It works correctly, because you are required to calculate

"the maximum possible value of a single ship in the final arrangement". The only ship given in your testcase has area equal to 15.[insert facepalm here]

So it seems I failed 2 problems because of trivial mistakes that have nothing to do with algorithmic part of the problems. I need to pay more attention to problem statements...

what's the description of A? I still can't understand the falling process?

Are participants from other countries eligible for t-shirt prizes. Also how do they filter out top 500?? Any help will be appreciated.

I think Indians are eligible. But isnt it cumulative of the 3 rounds ?

EDIT: resolved.

Can anyone tell me what's wrong with my F? Still feeling stumped...

If some w_i<0 or c_i=0, then answer 0. Otherwise, find the shortest path (by short we mean sum of w_i) from s to everywhere and from t to everywhere using Dijkstra (which works since w_i>=0).

If the shortest path from s to t is at most b-a, answer 0.

Otherwise, there are 2 options, take the cheaper one:

Option 1: Make some edge negative at cost (w_i+1)*c_i.

Option 2: Only reduce the cost of some single edge i (say, from a to b) and take the shortest path that uses that edge (shortest from s to a, shortest from b to t, w_i). The cost is (weight_of_this_path — (b-a))*c_i. Of course, check for overflow before multiplying (It's easy to prove that the answer is at most 10^18+10^9).

Getting WA8.

Did you check the "s=t" case?

Consider a simple case: two vertices connected by an edge. You need to go from vertex 1 to vertex 1 (note that this works both for indexing from 0 and from 1 :D). The initial and final annoyance is the same. You pass through the only edge twice, so the weight of that path is 2

w, but you only need to paywc, not 2wc.Since you need to take at least one edge, it may be worth it to take one edge twice; you pay

cfor that edge to decrease the annoyance over this path by 2, not 1. There may be other weird situations...Huh, where does it say I need to take at least one edge?

Task statement says: "A path of length (l — 1) is a sequence of intersections..." and "The number l is considered to be positive.".

So, a path of length 0 means l=1, which is positive, so it's fine. Right?

Shit, that's what caused my solution to fail.

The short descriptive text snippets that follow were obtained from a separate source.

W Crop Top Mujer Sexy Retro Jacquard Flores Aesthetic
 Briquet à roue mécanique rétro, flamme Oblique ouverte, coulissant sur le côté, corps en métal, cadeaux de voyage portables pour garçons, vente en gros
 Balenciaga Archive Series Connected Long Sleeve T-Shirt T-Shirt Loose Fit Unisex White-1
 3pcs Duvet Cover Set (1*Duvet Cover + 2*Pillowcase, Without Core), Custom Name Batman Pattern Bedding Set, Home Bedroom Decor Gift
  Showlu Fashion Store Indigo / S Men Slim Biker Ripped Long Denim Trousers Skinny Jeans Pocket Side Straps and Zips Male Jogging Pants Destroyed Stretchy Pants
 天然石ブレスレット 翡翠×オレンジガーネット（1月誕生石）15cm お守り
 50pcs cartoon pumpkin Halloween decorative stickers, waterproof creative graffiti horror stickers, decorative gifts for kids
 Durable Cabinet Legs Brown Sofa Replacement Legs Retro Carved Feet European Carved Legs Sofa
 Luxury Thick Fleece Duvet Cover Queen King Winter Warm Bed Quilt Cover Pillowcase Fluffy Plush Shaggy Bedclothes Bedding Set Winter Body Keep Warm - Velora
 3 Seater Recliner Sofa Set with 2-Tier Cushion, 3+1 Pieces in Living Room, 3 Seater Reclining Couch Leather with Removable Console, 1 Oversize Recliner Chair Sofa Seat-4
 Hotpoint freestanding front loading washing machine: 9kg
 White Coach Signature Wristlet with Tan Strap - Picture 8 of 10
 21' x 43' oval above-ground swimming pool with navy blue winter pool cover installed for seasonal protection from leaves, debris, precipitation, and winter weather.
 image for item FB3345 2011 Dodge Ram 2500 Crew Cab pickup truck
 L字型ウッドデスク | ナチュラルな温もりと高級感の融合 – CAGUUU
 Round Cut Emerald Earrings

If I add one line checking if I can make a 0-vertex path, it passes.

You can still be in a situation where you want to take an edge twice, for example for a graph with edges 1-2 (w=0, c=inf), 2-3 (w=0, c=inf), 2-4 (w=0, c=1). If you want to go from 1 to 3 and a-b is -2, you want to take the path 1-2-4-2-3 and decrease the weight of edge 2-4. It's sufficient to decrease it to -1, with cost 1 and not 2.

Yep, one option is to make any w negative and then just go back and forth on that edge many times. Option 1 in my OP.

I see, it does fall under that case when paths of length 0 are allowed. I solved it the same way, then, so you probably just have a different trivial mistake.

May you please explain, why this solution is OK? What if our current edge v1-v2 is a part of the shortest path from s to v1 or from t to v2?

I used the same approach during the contest, got WA 3, and I thought that the reason is the above case. But it turned out, that I had some other stupid bugs (s==t and long long overflow)

If there are no negative cycles (after decreasing weights), the optimal "path" doesn't contain an edge twice.

Suppose that we went s-...-v1-v2-...-v1-v2-...-t (we traverse that edge at least twice in the same direction). Then, s-...-v1-v2-...-t is sufficient and doesn't have a bigger weight, so we can take this shorter path instead. After repeating this as long as necessary, we can be sure that no edge is traversed twice in the same direction.

If we traverse it as s-...-v1-v2-...-v2-v1-...-t, we can take s-...-v1-...-t instead. We can again replace paths by shorter ones and after this, no edge is traversed twice.

Yes, you are right. Test number 8 is the test with answer 1e18 + 1e9, are you sure you are not using infinity 1e18 ?

Whoops. Shame on me.

did you swap u and v while checking the edge? you have to check it from both ends

OK, so what's the formula in E? I hate such problems.

For odd N, when (N + 1) / 2 is full square, answer is sqrt((N + 1) / 2) / (N! * 2 ^ ((N — 1) / 2)). Otherwise answer is 1. For even N, when (N + 1) is full square, answer is sqrt((N + 1)) / (N! * 2 ^ (N / 2)). Otherwise answer is 2 ^ (N / 2) / N!. Here is AC solution http://pastebin.com/Zsi2m9Qw

I can't believe I missed the round (Especially after wondering yesterday why is there no post about it yet) ! :/

Does that mean I'll get a T-Shirt even if I did not get a single solution correct, since the number of participants was less than 512?

I think the t-shirts will be given to the top 512 participants taking into account the 3 Elimination rounds.

Current standings

Is there any way to see/edit the address I used in the registration? I moved recently and would like to make sure there's my new address in case I win a T-Shirt.

Thanks.

I too want to know the address I had filled in! Any help?

you can edit this web form — https://contest.yandex.ru/algorithm2015/tshirts

(or https://contest.yandex.com/algorithm2015/tshirts)

On T-shirts:

a) to see if you are eligible for T-shirt — check this link:

https://contest.yandex.ru/algorithm2015/results/

if you are in first 512, then you should be eligible.

b) An hour ago I've got e-mail from Yandex, confirming that I've won the T-shirt. E-mail also contained link to special page where you can provide your address for delivery.

:D